How Does Debt Consolidation Work? The Truth Plus How it Affects You

David Kamau asked:




Being heavily in debt can be extremely stressful. It hurts even deeper when you have multiple creditors to deal with at the same time. Some people opt to consolidate debt through a debt consolidation service. But how does debt consolidation work?

You’ve seen the commercials on TV and heard them on radio. That debt consolidation is so heavily advertised in the mass media means one thing, it is good money-making business. And this is the reason you should be careful. But let’s first look at how it works, shall we?

Debt consolidation simply means combining most or all your debts so you now have one payment to worry about instead of several different ones with different due dates. This can be good, especially for your own peace of mind.

When you sign up with a debt consolidation company, you are assigned a credit counselor. The counselor will go through your finances with you and offer different options for getting out of debt, or at least easing your debt burden. These options typically include consolidation.

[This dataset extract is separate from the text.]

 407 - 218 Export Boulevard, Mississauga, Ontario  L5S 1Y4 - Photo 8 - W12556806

Assuming you’ve opted for consolidation, all your debts get combined into one and a monthly payment is calculated that is supposed to clear your debts in about three years.

A good credit counselor will also negotiate with your creditors and can often get your interest rates reduced and late fees waived. But this does not happen right away. You have to demonstrate your ability and willingness to keep your end of the bargain. This means making timely payments for at least three consecutive months.

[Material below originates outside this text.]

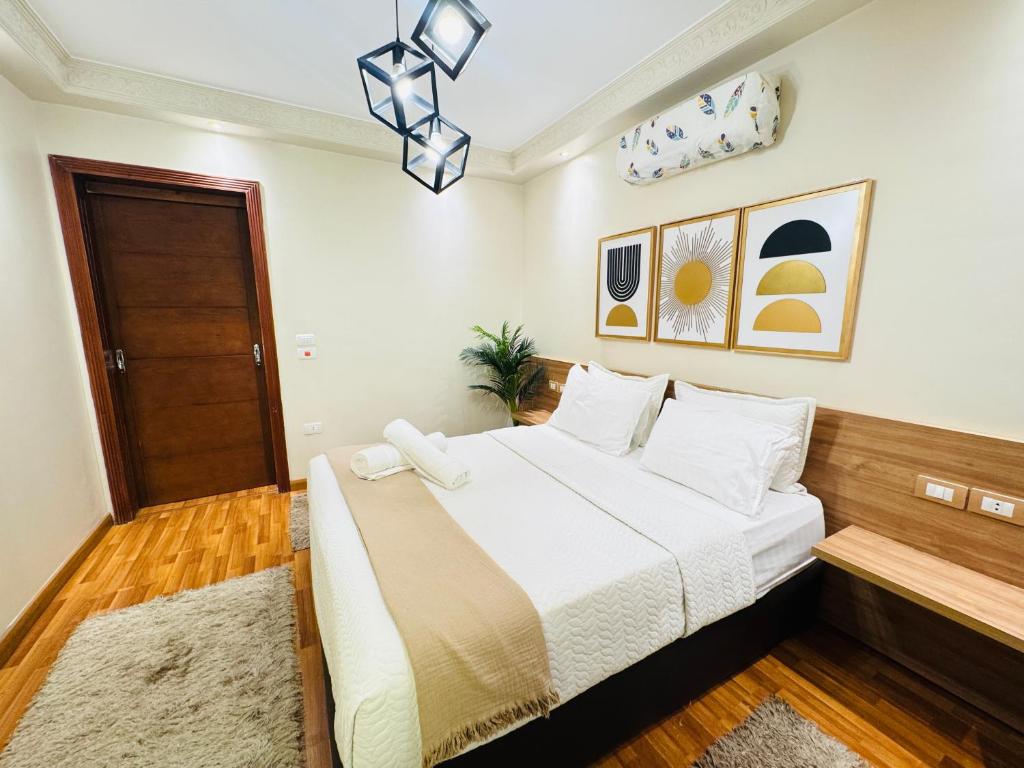 Postel nebo postele na pokoji v ubytování Mokattem private Condo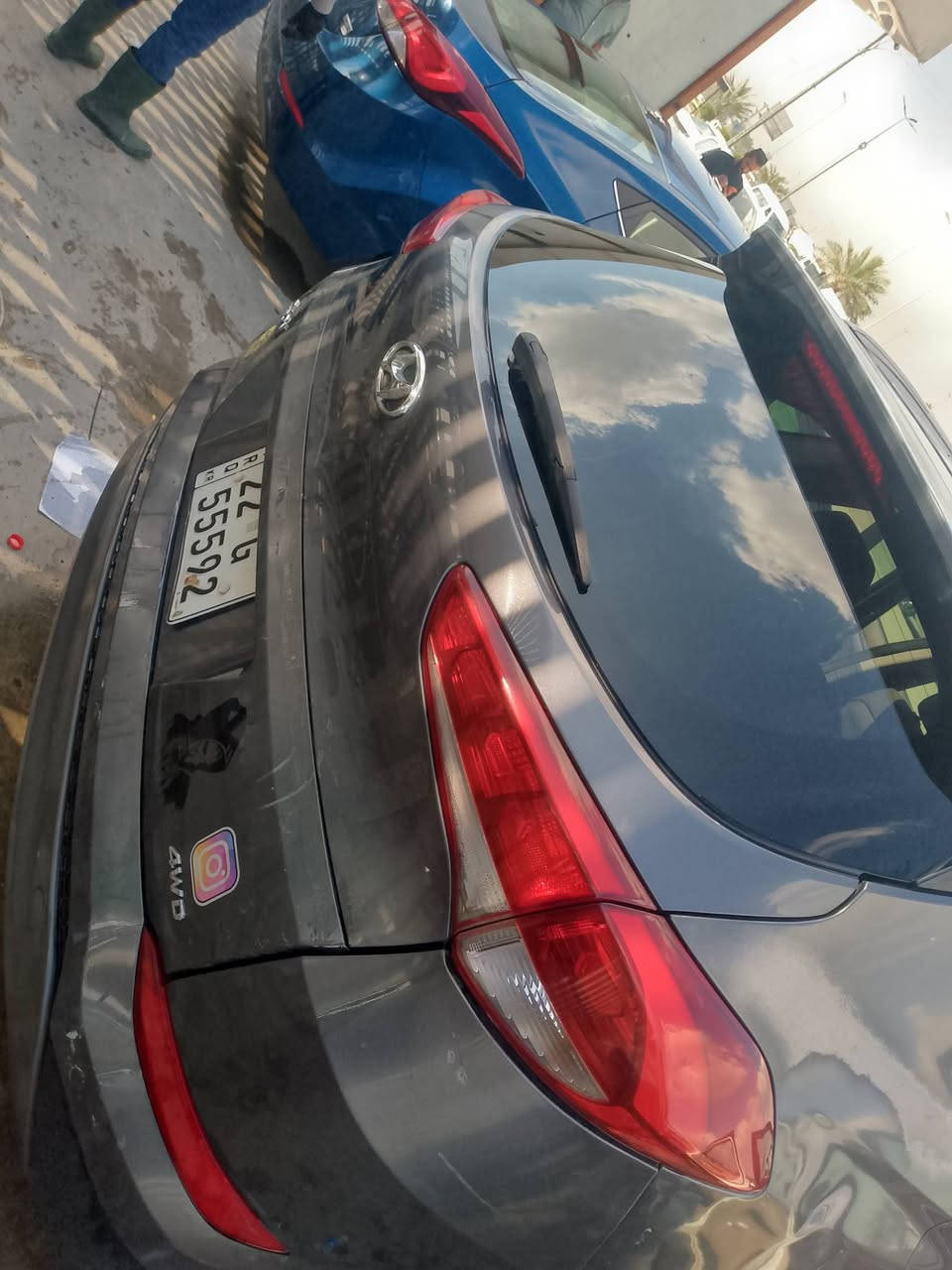 السلام عليكم
توسان 2016 بيها قطع وسونارها واضح كدامكم اكفل كص وشواطي سياره مكينه مجفت جديد راجز السياره صدر امامي جديد وخلفي جديد وتخم تاير جديد ممعدي عليهن اسبوعين السياره خير من الله ماشين 116 بيها نواقص قليله يعني وبيها طخطخات وجراد ايضا بسبب عدم توفير الوقت اسويهن 
بغداد الامين الثانيه 
*********** 
السياره سعرها 128 وبيها مجال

You will mail your new single monthly payment to the debt consolidation company, who will in turn disburse the funds to each of your creditors.

You will also be required to close your revolving credit accounts such as credit cards, and not establish new accounts for the period of the plan.

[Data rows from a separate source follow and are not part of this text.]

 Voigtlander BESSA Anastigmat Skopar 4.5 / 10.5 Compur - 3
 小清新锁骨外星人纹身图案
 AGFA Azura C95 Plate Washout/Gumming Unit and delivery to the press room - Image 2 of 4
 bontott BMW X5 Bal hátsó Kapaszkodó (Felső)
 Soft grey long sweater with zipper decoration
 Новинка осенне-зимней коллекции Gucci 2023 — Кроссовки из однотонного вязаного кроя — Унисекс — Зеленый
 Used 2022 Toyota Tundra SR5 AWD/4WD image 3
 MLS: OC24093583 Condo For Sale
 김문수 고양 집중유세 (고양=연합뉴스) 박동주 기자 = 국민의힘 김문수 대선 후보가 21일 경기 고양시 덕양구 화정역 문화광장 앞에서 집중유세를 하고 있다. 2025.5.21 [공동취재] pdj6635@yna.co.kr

There both positive effects and negative effects of debt consolidation. Positive effects include possible interest rates reduction, not having to worry about multiple accounts, and the possibility of becoming free of debt down the road.

Negative effects include possible negative impact on your credit score due to closing some accounts, restricted access to new credit, and ridiculously high fees that some companies charge. Look out also for scam credit consolidation companies.